Le 16e festival de cinéma de genre Fantasia présentera cette année 160 films en trois semaines. En plus des premières mondiales, nord-américaines et canadiennes, des invités comme les acteurs Mark Hamill, Jay Baruchel et Michael Biehn, la fête prend du sérieux avec un volet «industrie».

Fantasia s'ouvrira demain en présentant une primeur canadienne: Bydlo, le nouveau court métrage d'animation du réalisateur et artiste multidisciplinaire Patrick Bouchard. Le Québécois est un spécialiste de l'animation image par image, communément appelée stop-motion.
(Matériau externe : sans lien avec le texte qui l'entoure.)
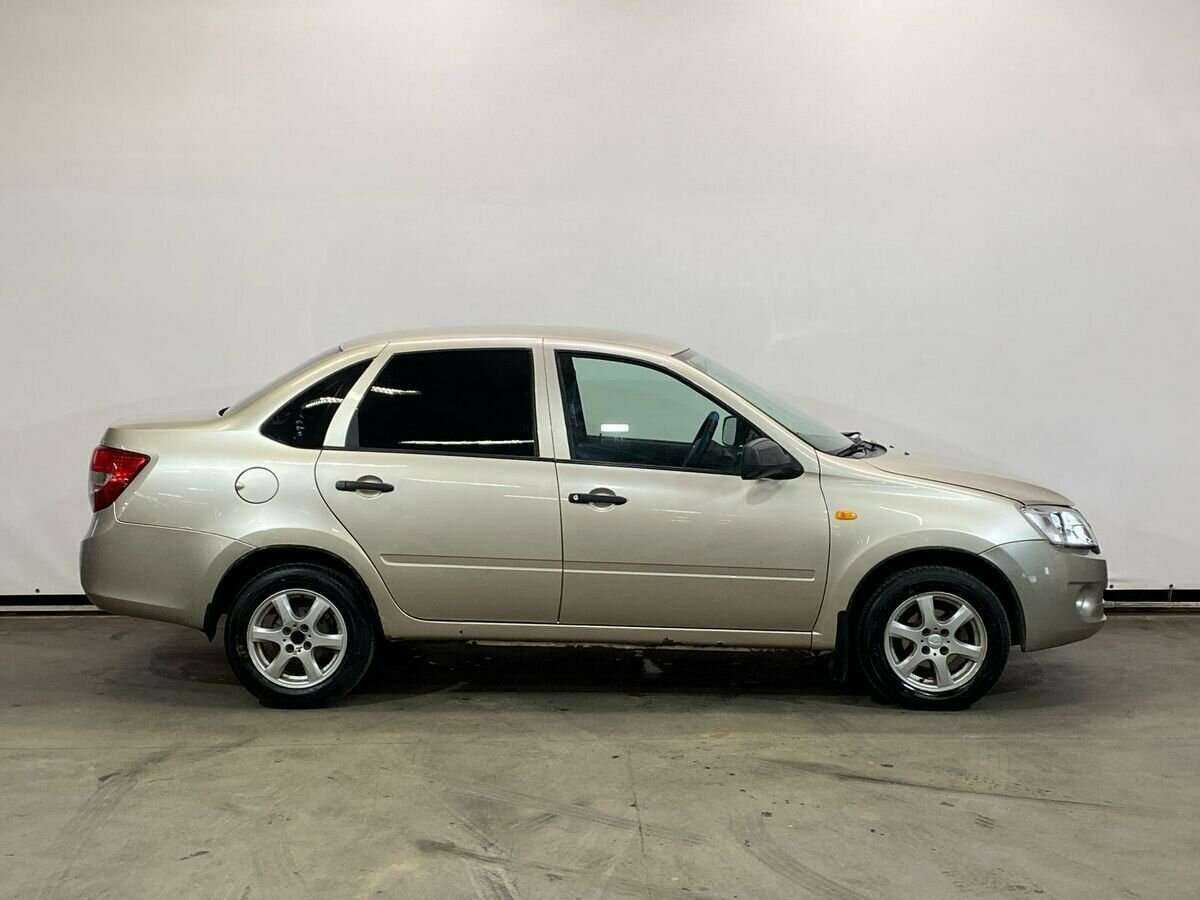 Lada (ВАЗ) Granta с пробегом — 2012 год. Фото: #3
Son film s'inspire d'une oeuvre du compositeur russe Modeste Moussorgski, ce qui démontre le lien privilégié du réalisateur avec la musique.

Bydlo («bétail», en polonais) a exigé près de trois ans de travail.
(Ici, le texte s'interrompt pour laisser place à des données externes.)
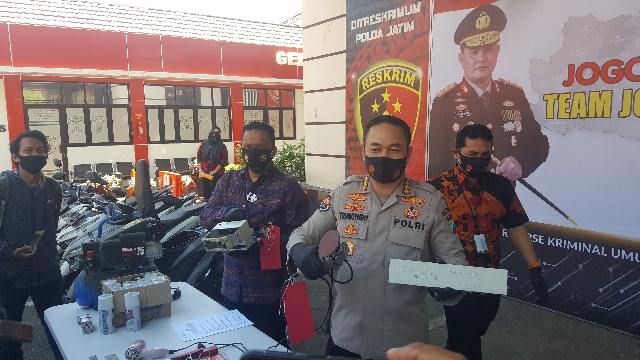 Ditreskrimum Polda Jatim Bekuk Pelaku Curat dan Pemalsu Dokumen Ranmor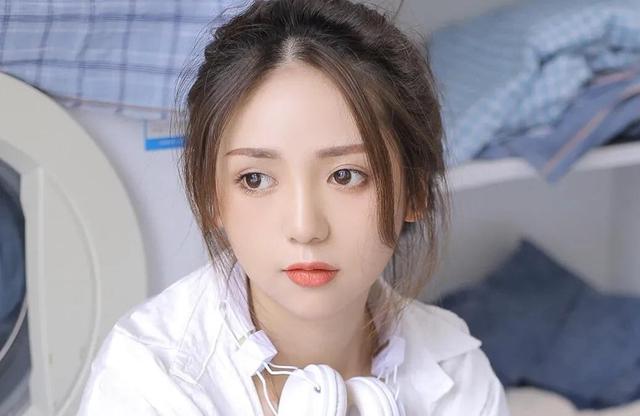 暗恋一个人的16种表现，女生暗恋你最准的表现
Pour réaliser Coraline, le long métrage d'animation en stop-motion des studios Laika lancé en 2009, on comptait pas moins de 25 plateaux simultanés pendant le tournage. «Moi, je n'en avais qu'un», explique Patrick Bouchard, dont le film Les ramoneurs cérébraux avait été récompensé du Jutra du meilleur film d'animation en 2003.
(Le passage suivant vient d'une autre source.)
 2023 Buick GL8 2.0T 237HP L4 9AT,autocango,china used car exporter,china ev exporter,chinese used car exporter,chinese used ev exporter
En visionnant le poème social qu'est Bydlo, coproduit par l'Office national du film (ONF) et Arte, récemment présenté au Festival international du film d'animation d'Annecy, on mesure immédiatement le raffinement des techniques employées et les heures passées à tout construire et à mettre en place pour le tournage. Aucun effet numérique n'a été utilisé dans le film.

«Le numérique rend les images presque vivantes, naturelles. J'aime qu'on sente le travail des mains dans mes films», explique le cinéaste.

La scène finale, dans laquelle les corps du taureau et des personnages se décomposent dans le sol, a nécessité à elle seule huit heures de tournage consécutives.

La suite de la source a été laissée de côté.